Apache Kudu: A Distributed, Columnar Data Store for Fast Analytics – Mike Percy
The Hadoop ecosystem has recently made great strides in its real-time access capabilities, narrowing the gap compared to traditional database technologies. With systems like Apache Spark, analysts can now run complex queries or jobs over large datasets within a matter of seconds. With systems like Apache HBase, applications can achieve millisecond-scale random access to arbitrarily-sized datasets. However, gaps remain when scans and random access are both required.
This talk will investigate the trade-offs between real-time random access and fast analytic performance from the perspective of storage engine internals. It will also describe Apache Kudu, the new addition to the open source Hadoop ecosystem with out-of-the-box integration with Apache Spark, that fills the gap described above to provide a new option to achieve fast scans and fast random access from a single API.
Shared Memory Layer and Faster SQL for Spark Applications – Dmitriy Setrakyan
In this presentation we will talk about the need to share state in memory across different Spark jobs or applications and Apache Ignite as the technology that makes it possible.

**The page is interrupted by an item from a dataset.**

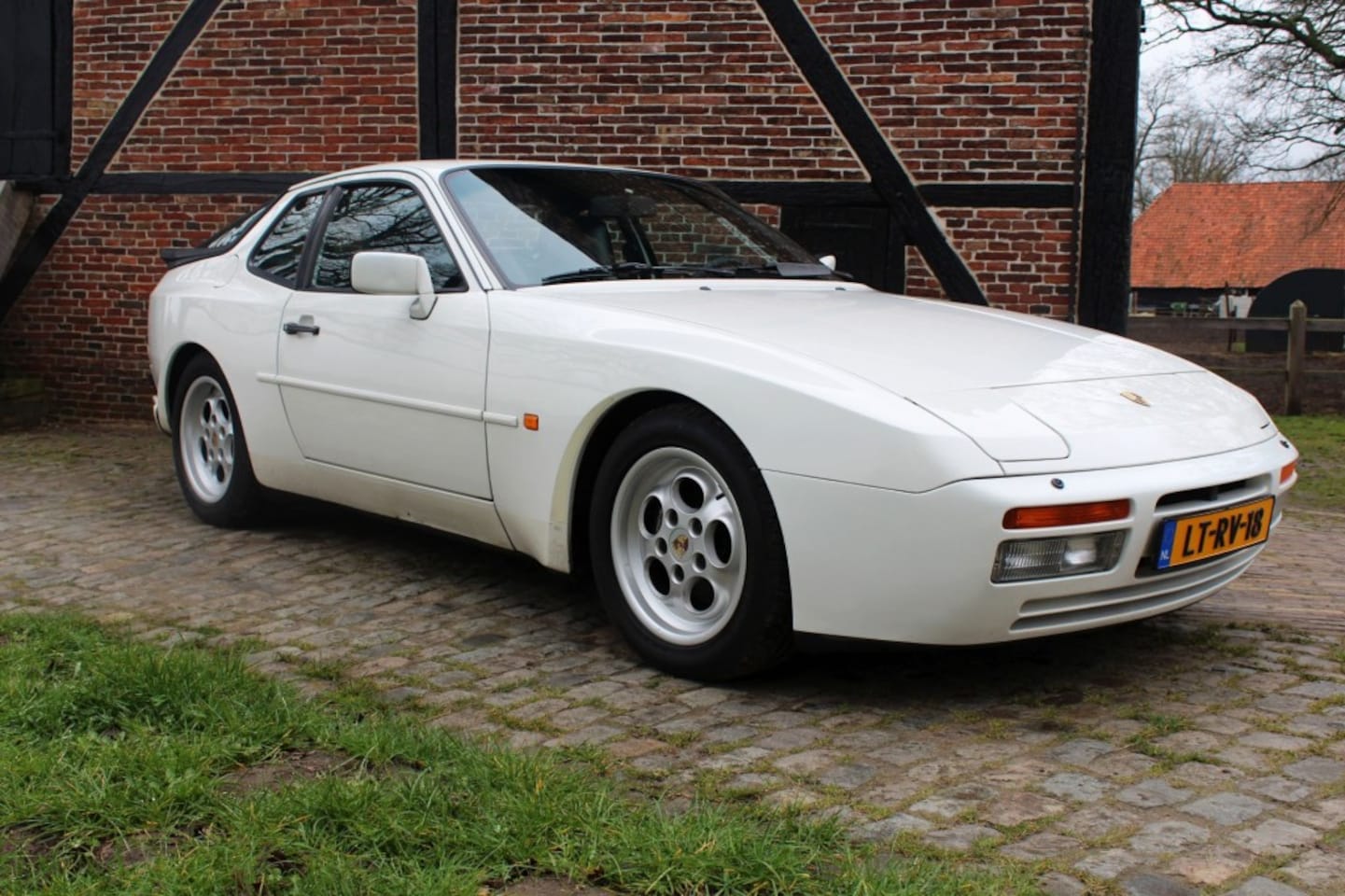 PORSCHE 944 TURBO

We will dive into importance of In Memory File Systems, Shared In-Memory RDDs with Apache Ignite, as well as the need to index data in-memory for fast SQL execution. We will also present a hands on demo demonstrating advantages and disadvantages of one approach over another. We will also discuss requirements of storing data off-heap in order to achieve large horizontal and vertical scale of the applications using Spark and Ignite.
Apache Pig is a popular scripting platform for processing and analyzing large data sets in the Hadoop ecosystem. With its open architecture and backend neutrality, Pig scripts can currently run on MapReduce and Tez. Apache Spark is an open-source data analytics cluster computing framework that has gained significant momentum recently. Besides offering performance advantages, Spark is also a more natural fit for the query plan produced by Pig. Pig on Spark enables improved ETL performance while also supporting users intending to standardize to Spark as the execution engine.